Directions for the data below: repeat exactly the lines from the one with "Neve telegram sticker" through the one with "Plongeur, Cadre flottant noir, 40 po x 27 po", both included, and omit all pictures.

- RECORDS PROVIDED
━━━━━━━━━━

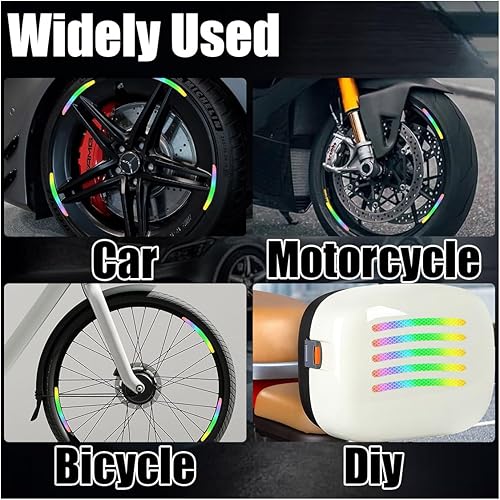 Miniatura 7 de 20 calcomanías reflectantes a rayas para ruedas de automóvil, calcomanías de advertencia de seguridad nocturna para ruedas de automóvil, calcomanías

━━━━━━━━━━

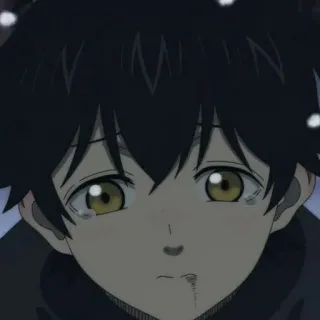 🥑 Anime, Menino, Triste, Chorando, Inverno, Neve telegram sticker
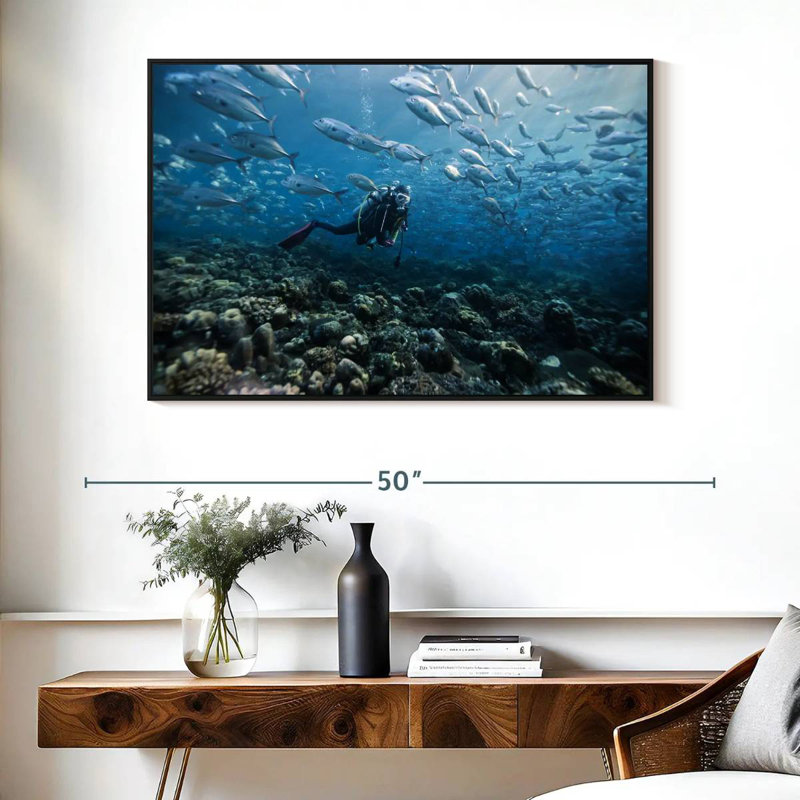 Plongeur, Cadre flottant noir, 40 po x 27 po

━━━━━━━━━━

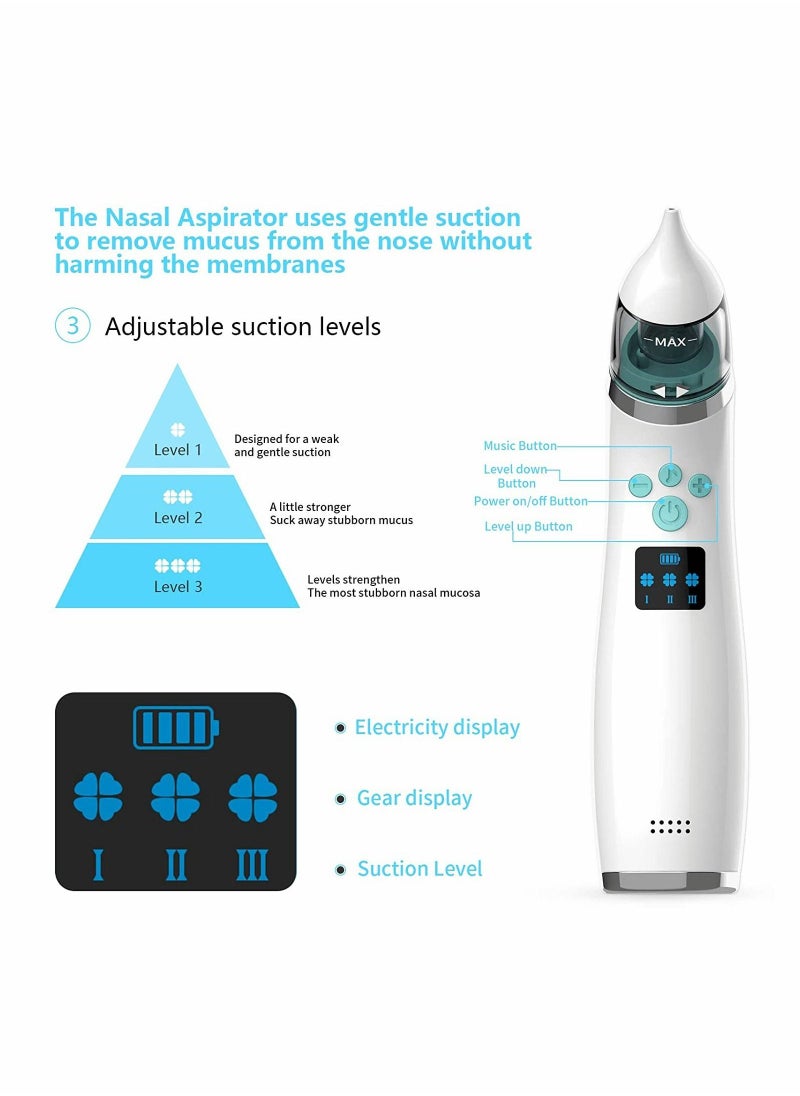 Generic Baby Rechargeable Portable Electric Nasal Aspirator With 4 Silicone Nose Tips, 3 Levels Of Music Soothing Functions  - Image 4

━━━━━━━━━━

- ANSWER SPACE
 🥑 Anime, Menino, Triste, Chorando, Inverno, Neve telegram sticker
 Plongeur, Cadre flottant noir, 40 po x 27 po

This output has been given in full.